The silica coating not only minimizes the contact of the precious metal layer with the electrolyte, but also minimizes penetration of the electrolyte to the valve metal and thus limits the extent of undercutting effects. An other advantage is that it minimizes shorting and the concomitant problems. Surprisingly however, despite the dielectric characteristics of the exterior coating, these advantages are gained without sacrificing the desirable electrical properties of the precious metal anodes. Indeed, the exterior porous high surface area silica coating improves the electrolytic properties of the thin precious metal coatings. A still further advantage of the anodes of this invention is that the high surface area porous exterior coating is conducive to gas evolution.

The anodes of this invention are prepared by first forming a ruthenium oxide layer on the base metal substrate and then depositing a silica coating on the ruthenium oxide.
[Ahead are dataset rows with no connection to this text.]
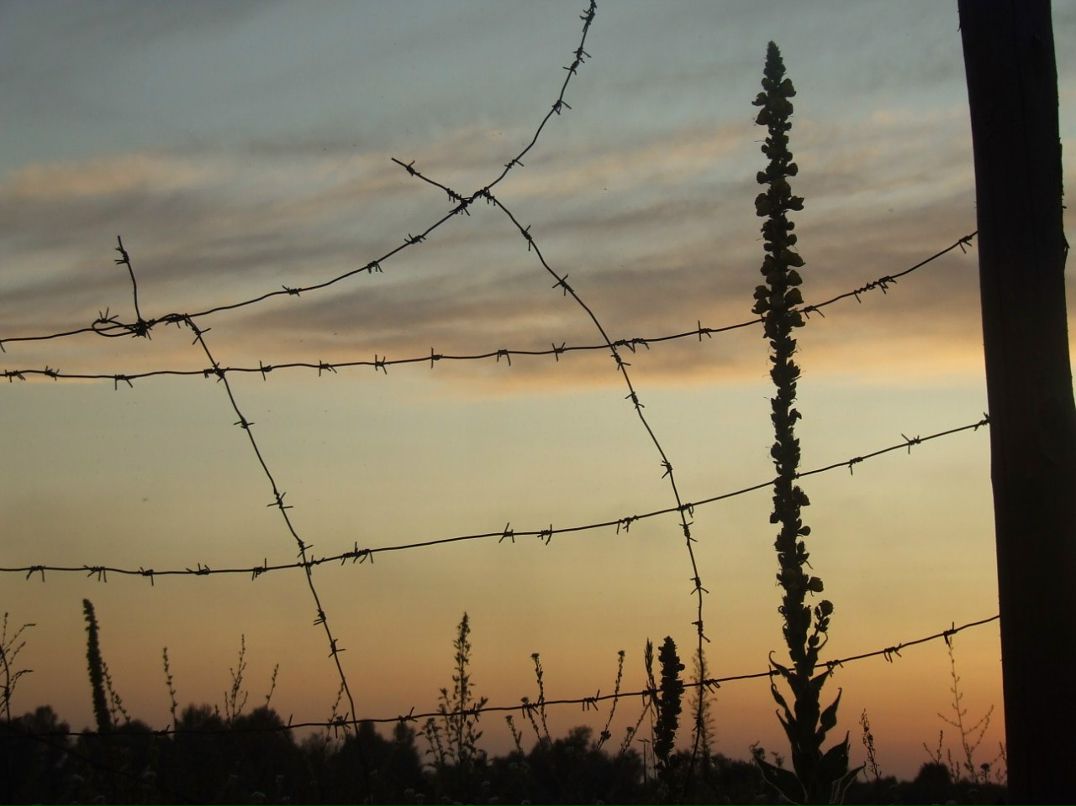 Богдан Мичуда | Чернигов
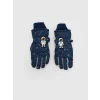LCW ACCESSORIES Lacivert Baskılı Erkek Çocuk Kar Eldiveni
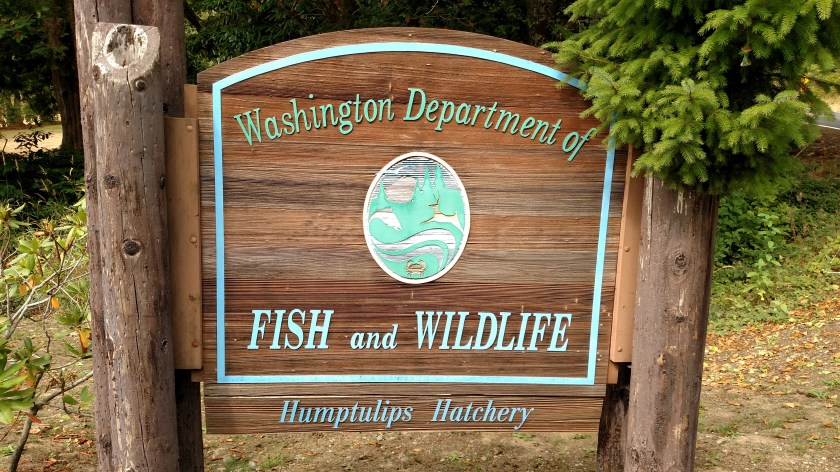 IMG_20180816_105800778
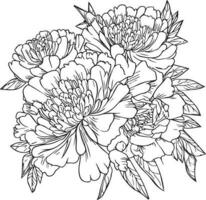 pion blomma linje konst, vektor illustration, ritad för hand penna skiss, färg bok, och sida, isolerat på vit bakgrund klämma konst. pion blomma teckning, realistisk pion blomma översikt teckning.
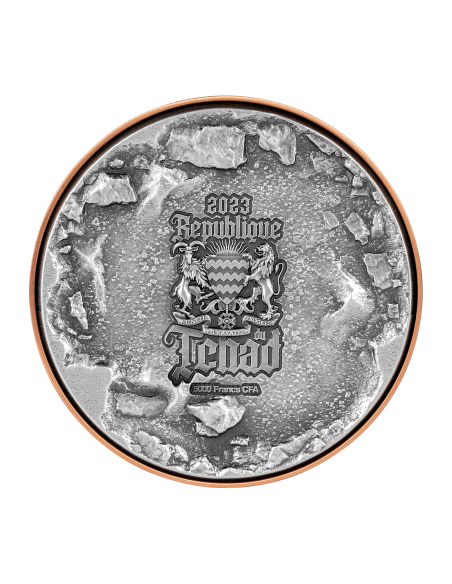 AMMONITE FOSSIL EXCAVATION 1 Oz Silver & 11.5 Oz Copper Coin 5000 Francs Chad 2023 - Coins & More - Tchad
Many methods are known for forming adherent ruthenium oxide films on a metal substrate. For example, after etching and cleaning the surface of the base metal, ruthenium metal or a ruthenium salt is deposited on the substrate and then the coated substrate is subjected to elevated temperature in an oxidizing atmosphere. The ruthenium metal or salt is deposited in a variety of well known ways, e.g. the ruthenium metal may be deposited as a finely divided dispersion in an organic vehicle or by plating, sputtering, vacuum deposition, the ruthenium salt may be deposited by applying such salt dispersed or dissolved in an organic or aqueous medium. The conversion to the oxide is then effected by firing the coating in an oxygen-containing atmosphere, e.g. air, preferably in the temperature range of about 400 to 800 C. The firing time depends on the temperature, oxidizing atmosphere uesd, and the thickness of the ruthenium metal coating applied. Typically a suitable ruthenium oxide is formed by firing the metal film in air at 500 C. for about five minutes.

The exterior high surface area porous silica coating is deposited from a dispersion or solution containing hydrophilic silica or a silica compound precursor in very fine particle size, and the silica coating is fired at temperatures greater than about 400 C. to promote bonding. When fired at temperatures lower than about 400 C. the coatings are not sufiiciently adherent. A preferred method is to deposit the silica from an aqueous colloidal silica solution. Preferred temperatures for forming an adherent porous coating are 400 to 800 C. Coatings formed in this manner are adherent and porous and have a high surface area. More than one coating of silica may be applied. Generally, the silica coatings are effective at a thickness of up to about 200 microinches. Thicker coatings are often not sutficiently porous. Alternatively, multiple thin coatings may be formed by depositing alternate layers of ruthenium oxide and silica, thereby forming a hard durable multilayer coating on the substrate. Although the multilayer coatings are effective at thickness of over 200 microinches, there is no advantage in forming thicker coatings because of their durability even when exceedingly thin.

The following examples are given by way of illustration and not as a limitation of the invention. It will be appreciated that modifications within the scope and spirit of the invention will occur to those skilled in the art.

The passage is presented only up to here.